Known as an ATL for short, it was created to handle excavation tasks at smaller sites. With this track loader, materials get measured as they are excavated, and global positioning system (GPS) tech is utilized to keep the robot moving where it needs to go.
While robotic equipment produced by San Francisco-based Built Robots is exciting, it’s not the norm just yet.
Most land clearance is still performed by workers in large machines who directly handle machine controls and make decisions.
It will take time before the land clearance industry is comfortable with unmanned machines of this type.
Robots can provide support to workers
Robots and artificial intelligence are becoming a fact of life in all industries, including land clearing, and they often offer support to workers, rather than taking jobs.

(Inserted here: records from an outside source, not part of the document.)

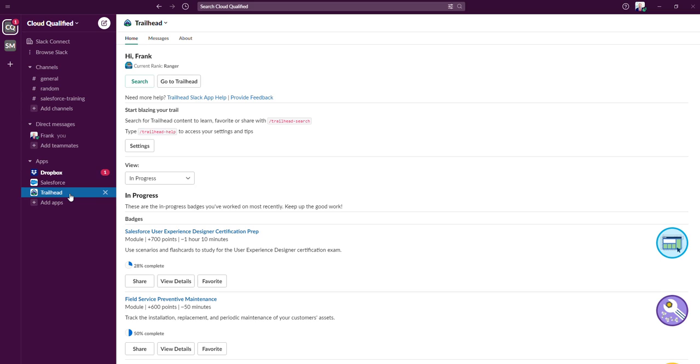So in summary, a workspace is really just a place for your team or company to collaborate in one space, and within that space there are various tools that your members can leverage, whether it's communication through channels and direct message, or apps necessary to get your work done.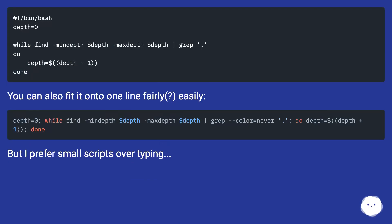You can also fit it onto one line fairly easily, but I prefer small scripts over typing.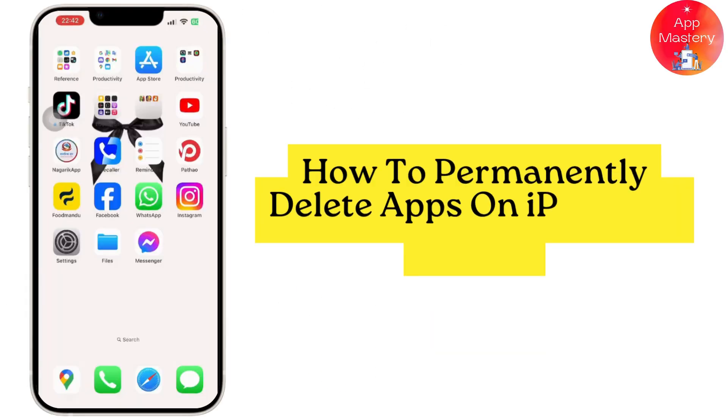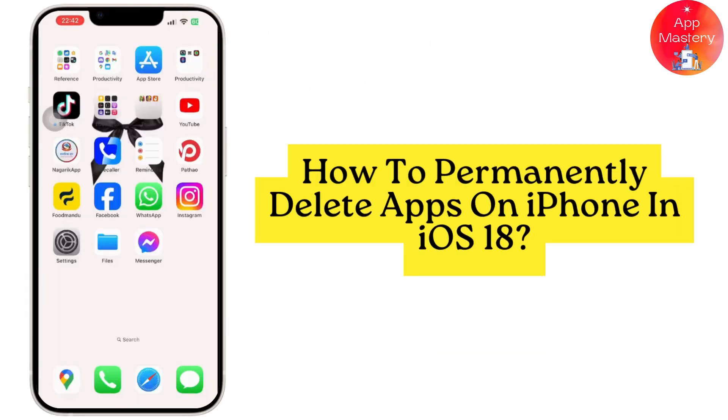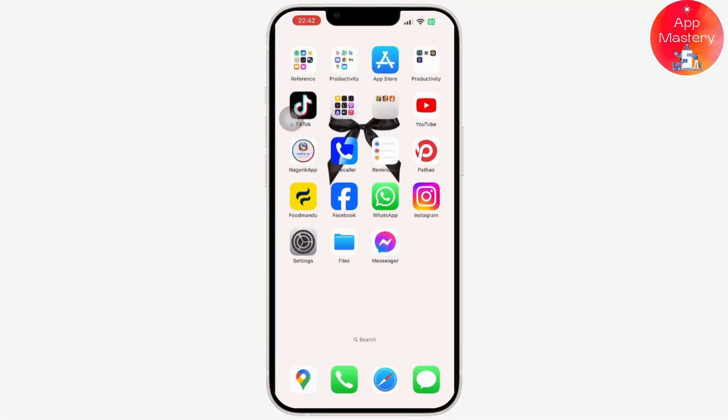How to permanently delete apps on iPhone. First thing first, tap and hold the app icon you want to delete on your iPhone's home screen until the icons start to jiggle.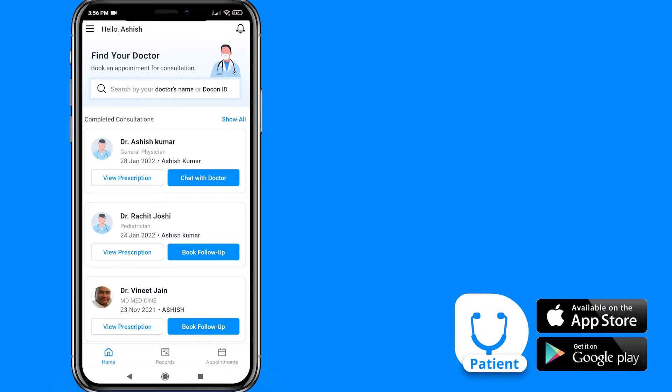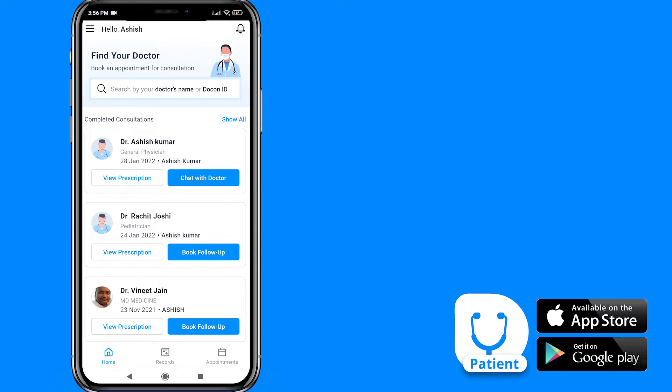Hello and welcome to DocOn. Today, I am going to guide you on how to view, share, and download receipts in the DocOn patient app.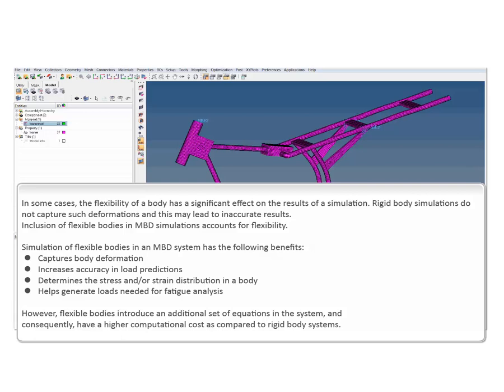However, flexible bodies introduce an additional set of equations in the system, and consequently, have a higher computational cost as compared to rigid body systems.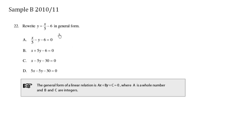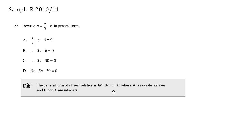Rewrite y equals x over 5 minus 6 in general form. General form is ax plus by plus c equals 0. So we don't have any fractions here, so we're going to multiply by the denominator, which is 5.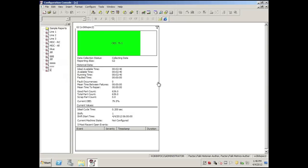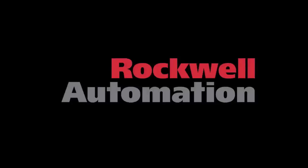So with these three bits — part count, cycle time, and running bit — we deliver OEE, including all these other items: available time, good part counts. You'll see the cycle time, and you'll also notice that the shift has been assigned.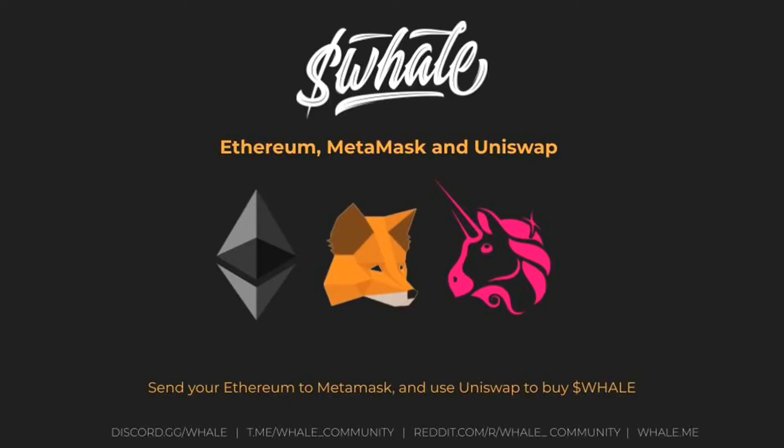In this video we are going to show you how to buy Ethereum and then send it to MetaMask so that we can buy Whale.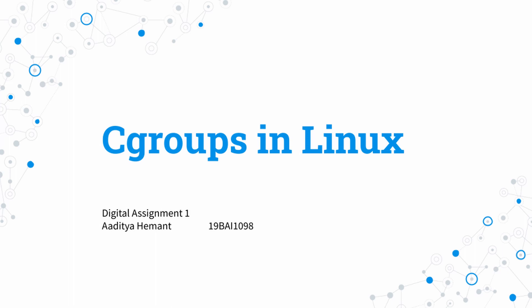If you have any interest in cgroups after this video, I recommend that you look up more about them. There's lots of documentation you can find that goes into much more depth. Thank you.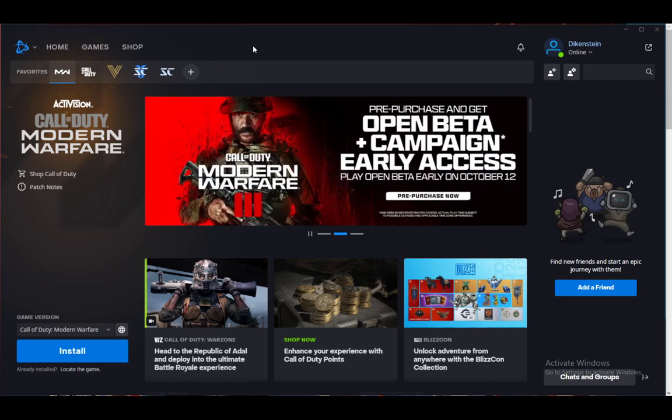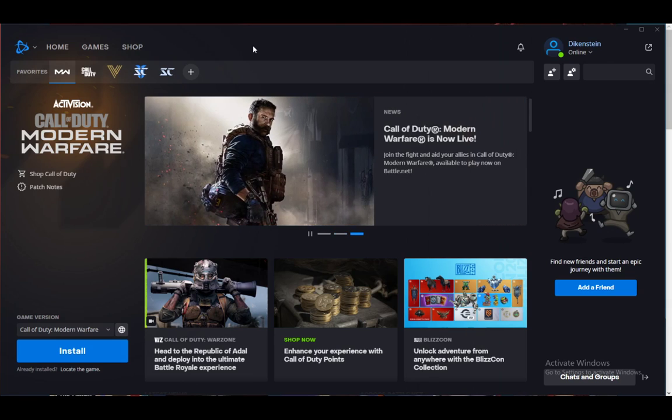So yeah, it currently doesn't exist. There might be some third-party programs. I think for Diablo 4, for example, you have D4 Armory, which you can use to see the total play time.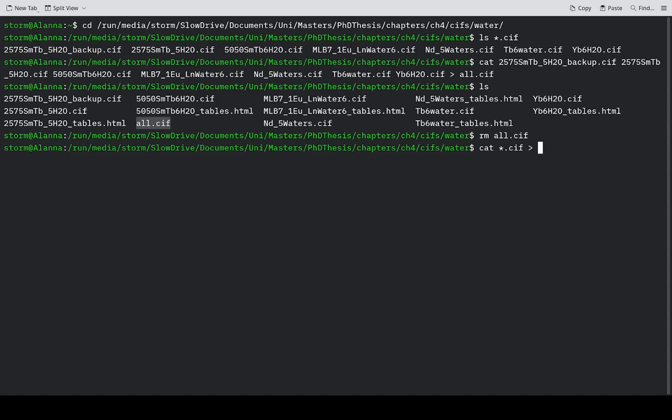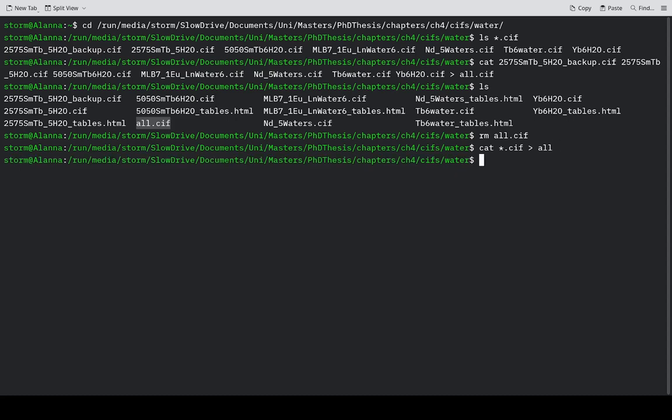That's a bad idea. So we just use 'all' which doesn't need an extension. If you want, you could give it all.fake. But whatever will work.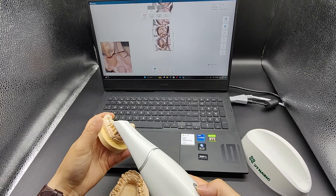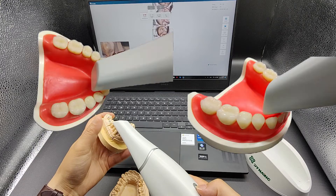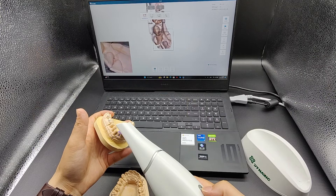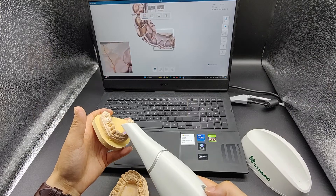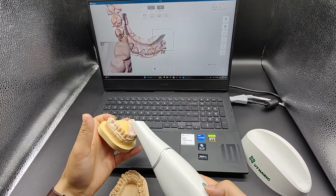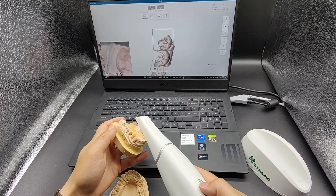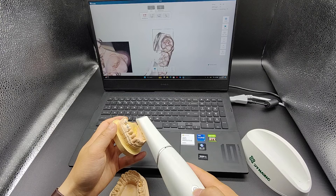When scanning the anterior teeth area, both the incisal and lingual surface should be scanned simultaneously. You can refer to this method. When moving to scan the other side, keep the tip parallel to the teeth as before.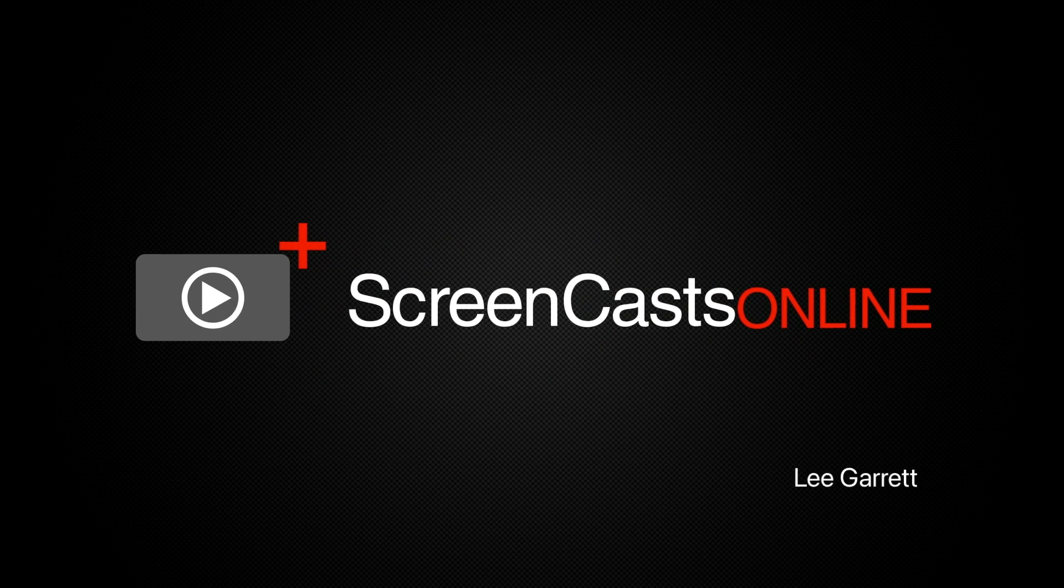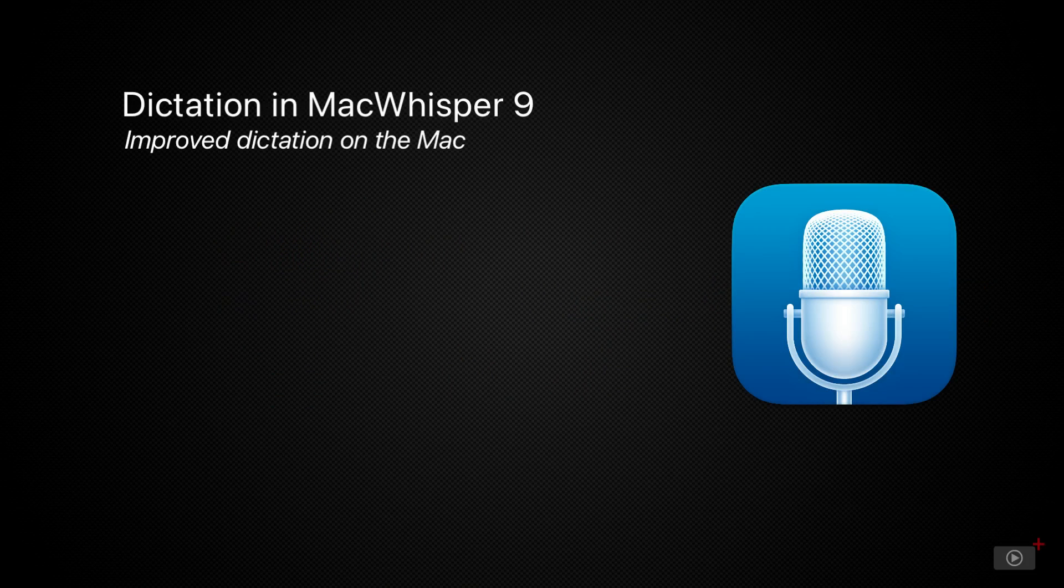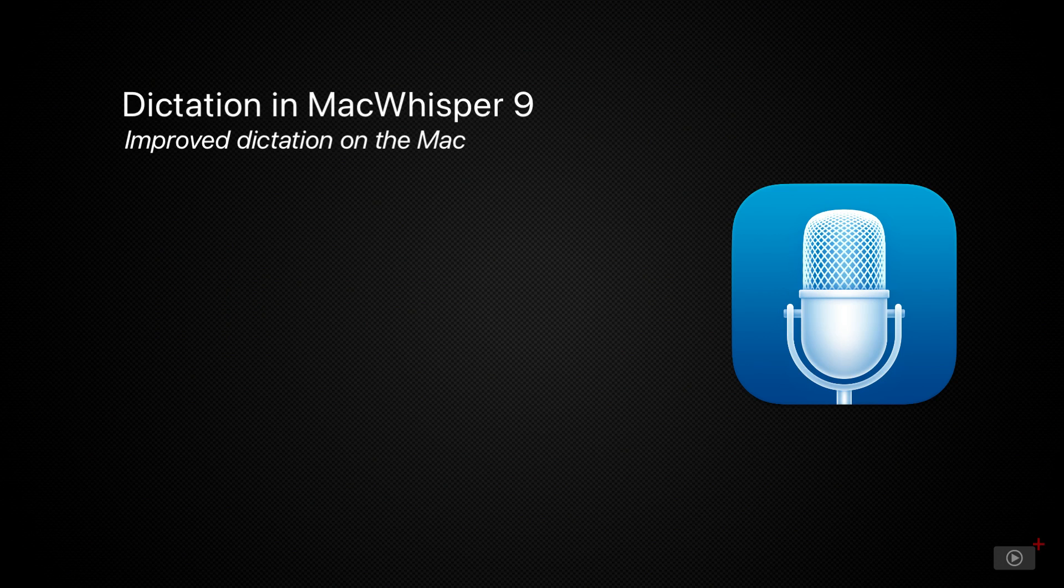Hi, this is Lee Garrett and welcome to another weekly tip video. One of the tools that we use to help produce the show had a large update recently.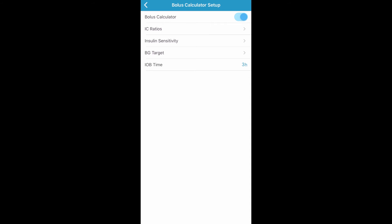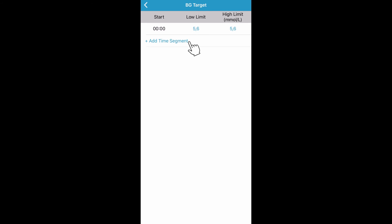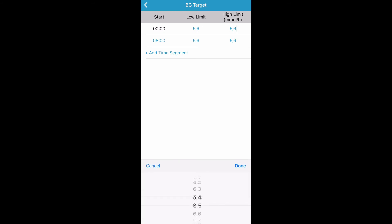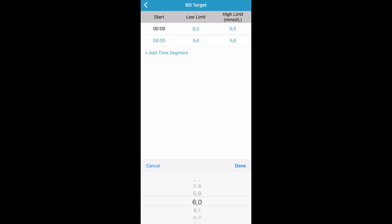Now you can set up your blood glucose targets for your pump by tapping on BG Target. You can add up to eight different time segments for the day depending on your need for different blood glucose targets at different times. Tap Add Time Segment to add a new time segment. You can adjust the blood glucose target for each time segment by tapping on the blue number next to each time segment. You will notice you can set a low target and a high target. Now tap Done. Once you have entered your blood glucose targets, tap the back arrow.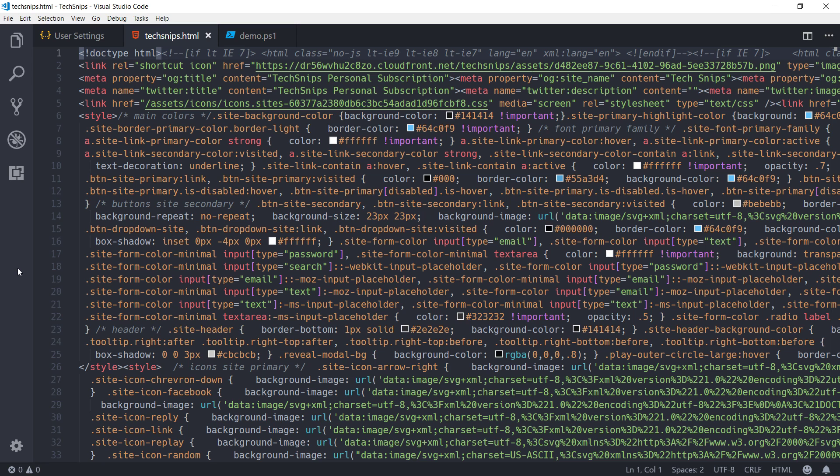This snip is going to be a quick look at Visual Studio Code's built-in formatting tool. The document you can see on screen is actually the HTML source for the TechSnips website.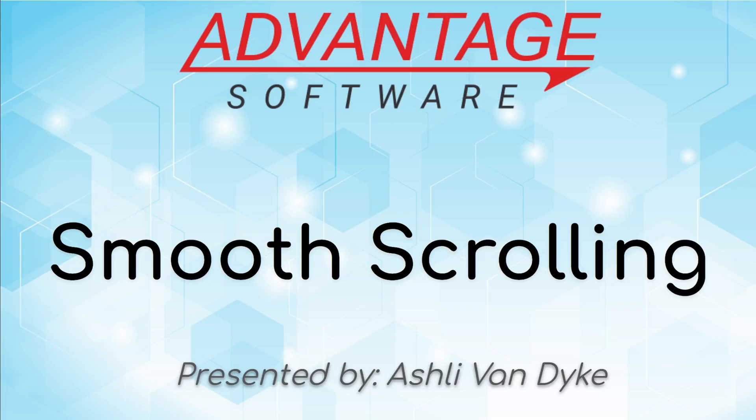Hello and thank you for watching. I'm Ashley Van Dyke with Advantage Software, and on today's video, Smooth Scrolling, I'm going to show you how this often misunderstood feature is actually intended to be used.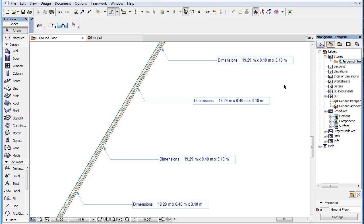This video clip explains how the Align, Distribute and Adjust commands work on Labels in ARCHICAD 19.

For example, a robot might traverse a site and gather granular data that project managers use to get things done right.
Excavation is the first step in construction, after the planning phase, and support robots are already out there, helping construction workers with a range of tasks, from taking photos and videos to jobsite analytics and beyond.
As robotics becomes more commonplace for excavation and other aspects of construction, the really tough jobs may be handled by robots, to minimize worksite danger and physical strain.
Many robots will augment construction workforces, rather than replacing human beings.
As an example, a company called Piaggio Fast Forward currently produces a robot that carries cargo for workers.
Autonomous mowers are also gaining popularity
These types of lawn mowers have been around for some time, for commercial and residential applications, but they are becoming more commonplace.
Since many land clearing companies offer to get rid of brush, bark, and grass for clients, these mowing robots have a place in the future of the land clearance industry.
A solar-powered autonomous mower known as a Graze is garnering interest from industry experts, according to Entrepreneur, thanks to its optical suite, GPS and overall precision.
During the pandemic, pondering a future with the typical joys and freedoms is a nice escape from the cares of the day, and envisioning robots taking care of arduous excavation tasks to spare human beings fatigue and danger is also a pleasant diversion.
Robots can certainly be helpmates, rather than replacing real people who need jobs.